Money Markets
Drug subsidy boosts campaign against malaria
Children make up nearly 90 per cent of the nearly 900,000 people who die from malaria every year, mainly in sub-Saharan Africa and parts of Asia. Research efforts are yet to yield an effective counterweight to the tropical environment in which malaria thrives. Photo/ANTHONY KAMAU
Posted Monday, July 19 2010 at 00:00
The Ministry of Medical Services estimates that 25 million Kenyans are at risk of malaria.
The disease accounts for 30-50 per cent of all outpatient attendance and 20 per cent of all admissions in health facilities.
It is an arrangement to subsidise purchases made by first-line buyers, all of whom have signed an undertaking to pass the benefit of low prices down the supply chain, thereby enabling the roughly 60 per cent of malaria patients who obtain treatment in private shops to obtain the most effective treatments at affordable prices.

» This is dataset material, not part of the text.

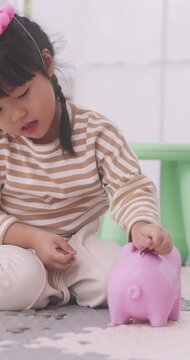 Little Asian girl putting coins into pink piggy bank on floor at home.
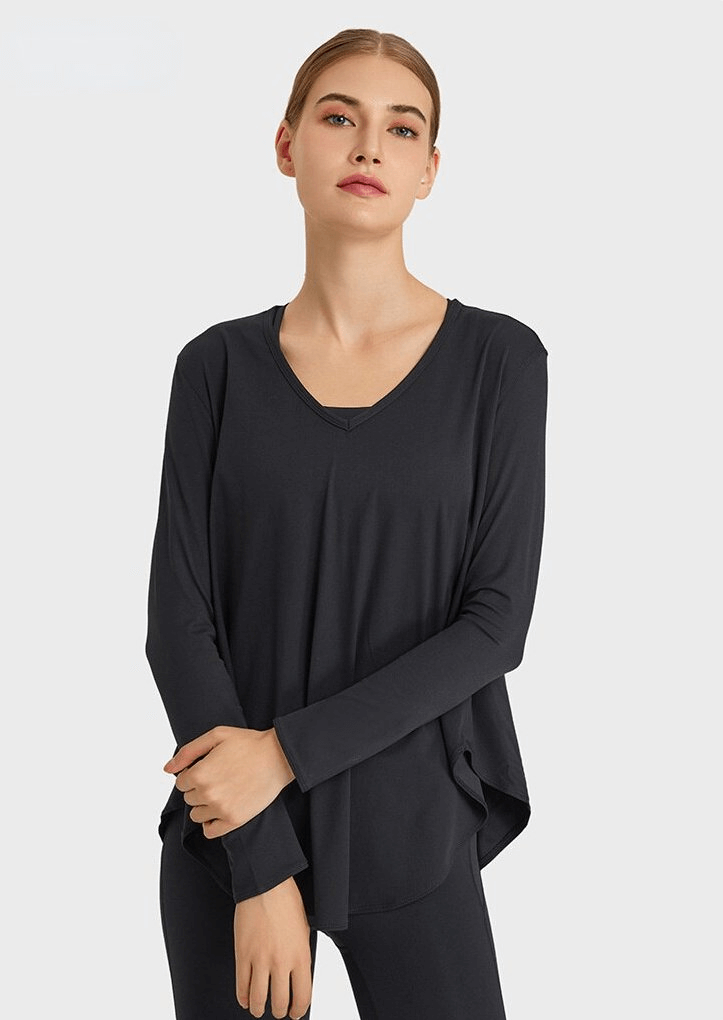 Stylish loose women's V-neck top with long sleeves, perfect for yoga. Made from a breathable nylon-spandex blend for comfort and support.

The Clinton Health Access Initiative (CHAI) negotiated the agreements, which provide the terms and conditions under which the manufacturers would sell eligible ACTs to first-line buyers, and under which the Global Fund would make co-payment to those companies for qualifying purchases by wholesalers.
“No mother should have to worry whether or not she can access the malaria medicines that will save the life of her sick child,” said former US President Bill Clinton.
The manufacturers have also agreed to stop marketing any oral artemisinin monotherapy, which are undesirable because they increase the risk of widespread resistance to the artemisinin in ACTs.
Malaria is a potentially deadly disease that is transmitted through mosquito bites and kills more than 2,000 children every day in Sub-Saharan Africa, said the Global Fund.
Children make up nearly 90 per cent of the nearly 900,000 people who die from malaria every year, mainly in sub-Saharan Africa and parts of Asia.
“Factory-gate global subsidy, combined with supporting activities at country level, will increase access to life-saving antimalarial medicines and also delay the onset of resistance to those medicines,” said the Fund in a statement.
The UK, the Bill & Melinda Gates Foundation and UNITAID – a initiative for drugs subsidies - are the financiers of a $216 million.
In addition, the Global Fund will spend about $127 million on country-level activities to support the effective implementation the initiative.
When affordable malaria drugs are combined with national campaigns to provide mosquito bed-nets for every family living in areas with malaria, it has led to a dramatic fall in deaths in several countries in Africa.
The combination of bed nets to prevent malaria transmission and drugs that cure malaria quickly has reduced mortality rates by between 50 per cent and 90 per cent in areas where both are widely available.
However, because most people do not have immediate access to public health facilities they buy their drugs at local market stalls and private pharmacies.
The new initiative will benefit Cambodia, Ghana, Kenya, Madagascar, Niger, Nigeria, Senegal, Tanzania, Zanzibar and Uganda and be expanded globally after two years, said the Global Fund.